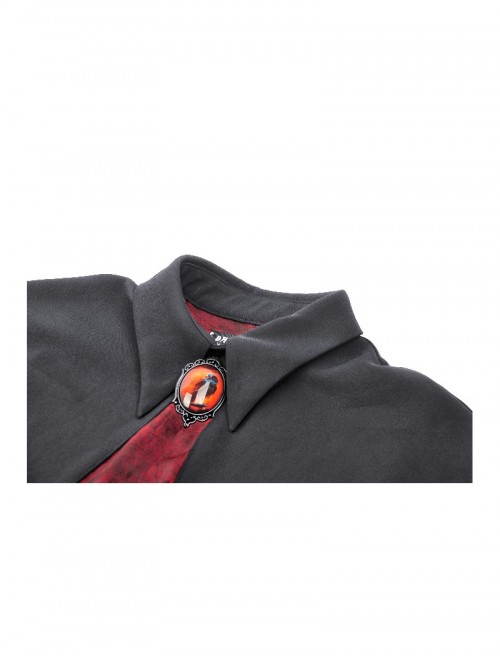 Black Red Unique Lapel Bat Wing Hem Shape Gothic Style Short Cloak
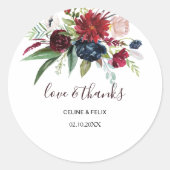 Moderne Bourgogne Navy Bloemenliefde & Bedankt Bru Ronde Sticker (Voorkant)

---

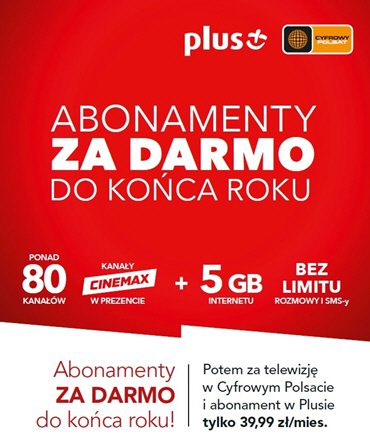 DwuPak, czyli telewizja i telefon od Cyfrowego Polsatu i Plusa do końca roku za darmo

= EXERCISE GOAL =
From the entries above, copy exactly the lines starting at the one with "Black Red Unique" and stopping at the one with "Moderne Bourgogne Navy", keeping both ends. Drop the pictures.

= EXPECTED ANSWER =
 Black Red Unique Lapel Bat Wing Hem Shape Gothic Style Short Cloak
 Moderne Bourgogne Navy Bloemenliefde & Bedankt Bru Ronde Sticker (Voorkant)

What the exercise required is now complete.